Fehler folgt Rauswurf: Blauer Grüner sieht Rot
Grünen-Spitze setzt Wahlkampfmanager ab. Hintergrund sind offenbar Trunkenheit und Widerstand gegen die Polizei. Renate Künast geht mitten im Wahlkampf eine Schlüsselfigur verloren
Grünen-Spitzenkandidatin Renate Künast steht elf Wochen vor der Abgeordnetenhauswahl abrupt ohne Wahlkampfmanager da. Ihr bisheriger Stratege, Landesgeschäftsführer André Stephan (31), wurde von seinen Aufgaben entbunden. Die Grünen-Spitze dementierte nicht, dass der Grund eine Trunkenheitsfahrt und Gewalt gegen einen Polizisten in der Nacht zum Mittwoch war. Stephan war zuvor Gast beim Hoffest im Roten Rathaus gewesen und dort nach Mitternacht im Tanzkeller schlafend gesehen worden.

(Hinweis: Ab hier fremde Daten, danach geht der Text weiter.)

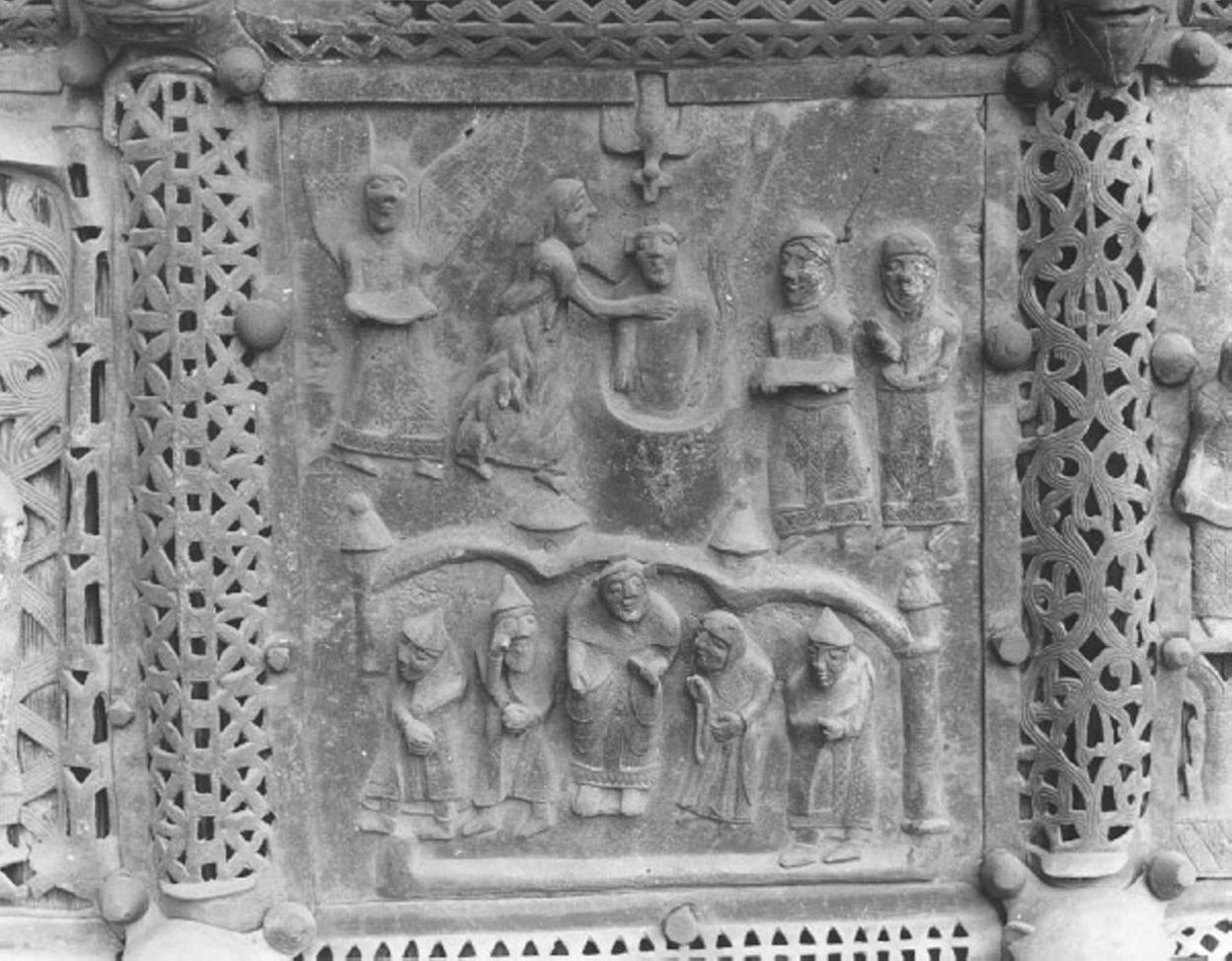 battesimo di Cristo (formella, elemento d'insieme) di Primo Maestro Del Portale Di San Zeno (e aiuti) (sec. XII)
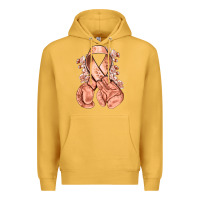 Mustard Uterine Cancer peach ribbon with boxing gloves Premium Hoodie - NancyCooperArtShop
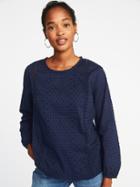 Old Navy Womens Relaxed Clip-dot Lace-trim Blouse For Women Lost At Sea Navy Size Xs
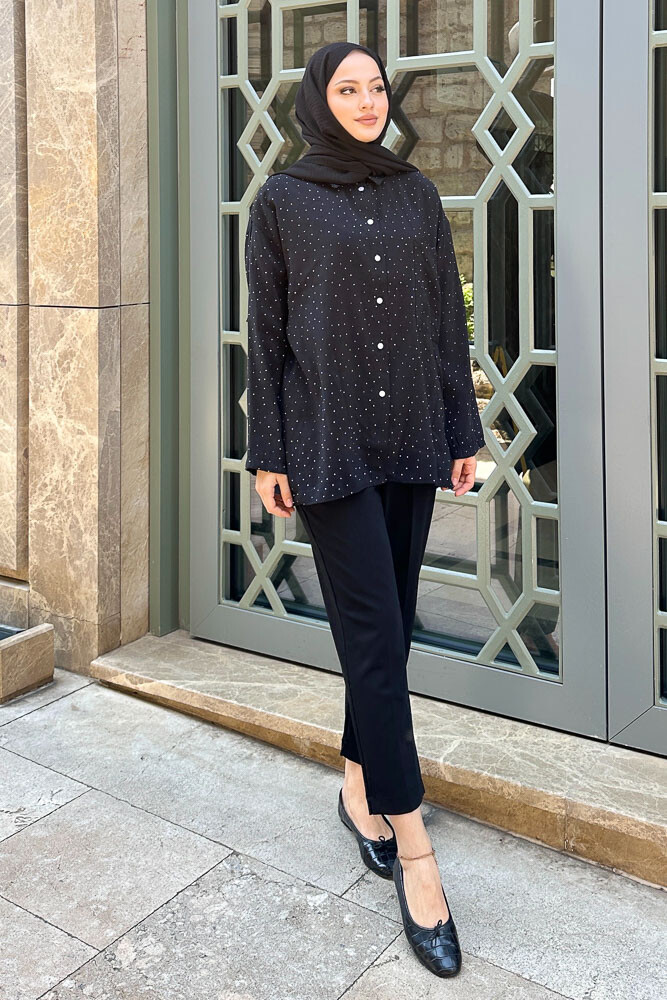 Taşlı Gömlek - Siyah - ENMA (3)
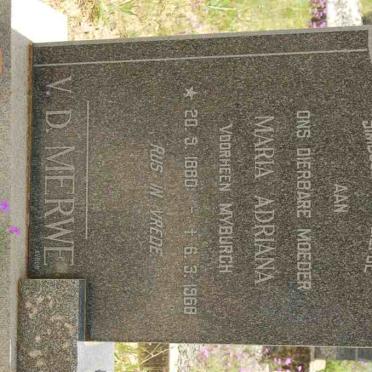 MERWE Maria Adriana, v.d. nee MYBURGH 1880-1968
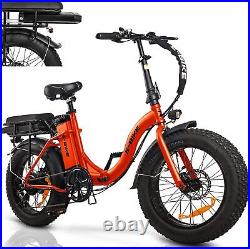 20 500W Powerful Folding Electric Bicycle e-Bike Fat Tire City EBike 7Speed US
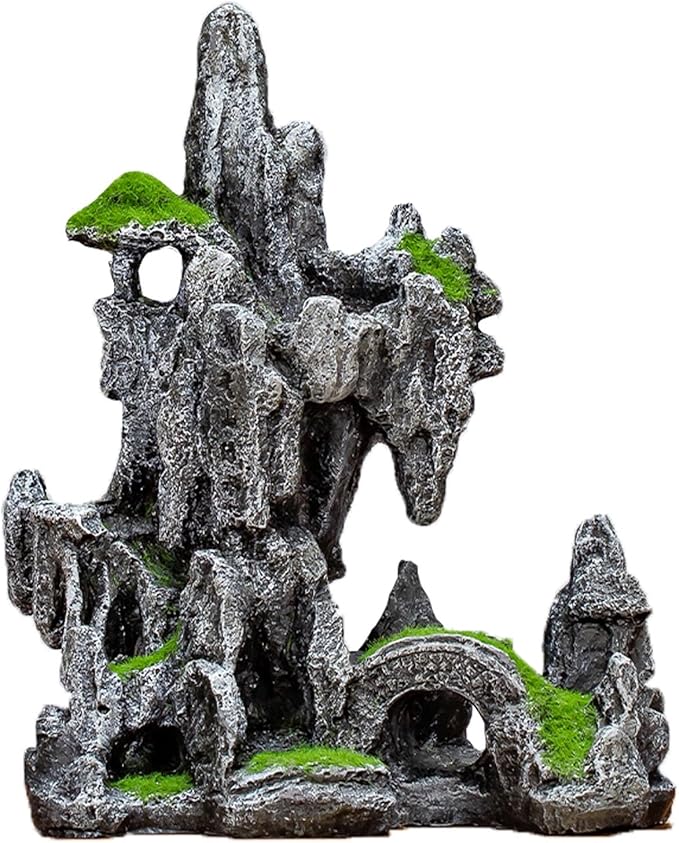 Aquarium Mountain View Ornaments, Large Fish Tank Rock Landscaping Decorations, Tree Hole Bridge Bridge Aquarium Decoration (6.69x3.54x8.26inch-L)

Die Polizei selbst sprach nur von einem "31-Jährigen", der einer Funkstreife kaum anderthalb Kilometer vom Rathaus entfernt an einer Ampel aufgefallen sei, weil er am Steuer schlief. Als man ihn, weil offensichtlich alkoholisiert, zur Blutentnahme mitnehmen wollte, soll der Mann versucht haben zu flüchten, die Polizisten beleidigt und einen Beamten getreten haben. Laut Polizei laufen Ermittlungen wegen Körperverletzung, Widerstand, Beleidigung und Trunkenheit im Straßenverkehr.
Stephan war seit dem Bundestagswahlkampf 2009 als Landesgeschäftsführer für die Partei tätig. Zuvor war er über zwei Jahre Pressesprecher des Landesverbands. Mit der Nominierung von Künast Ende 2010 übernahm er auch die Wahlkampfleitung.
Die im März aus dem Amt geschiedene frühere Grünen-Landeschefin Irma Franke-Dressler reagierte betroffen auf die Nachricht von seiner Beurlaubung: Sie lobte die "sehr gute Zusammenarbeit" mit Stephan und nannte ihn einen guten Organisator. "Ich kenne ihn auch nur ruhig - wenn jemand mal laut wurde in der Landesgeschäftsstelle, dann war ich das", sagte Franke-Dressler der taz.
Von der aktuellen Grünen-Führung war am Mittwochmorgen nur ein knapper Satz zu der Angelegenheit gekommen: Stephan sei von seinen Aufgaben entbunden worden. taz-Nachfragen begegnete Landeschef Daniel Wesener mit dem Hinweis auf noch ausstehende Beratungen und arbeitsrechtliche Hindernisse. Stephan selbst reagierte auf eine Rückrufbitte nicht.
Sprecher und Geschäftsführer anderer Parteien bewerteten Stephans Ausfall auf taz-Anfrage als Belastung für den Künast-Wahlkampf. "Das wird kurzfristig einen Bremseffekt haben", sagte CDU-Mann Dirk Reitze. Er schränkte jedoch ein: "Üblicherweise ist eine Wahlkampagne aber so breit aufgestellt, dass jemand ersetzbar ist." Thomas Barthel (Linkspartei) sah "eine blöde Situation": Neue Leute einzuarbeiten koste Zeit und Nerven. SPD-Sprecherin Daniela Augenstein sprach von einer Schlüsselfunktion: "Jede Neubesetzung an dieser Stelle ist schwierig und macht das Wahlkampfleben sicher nicht leichter."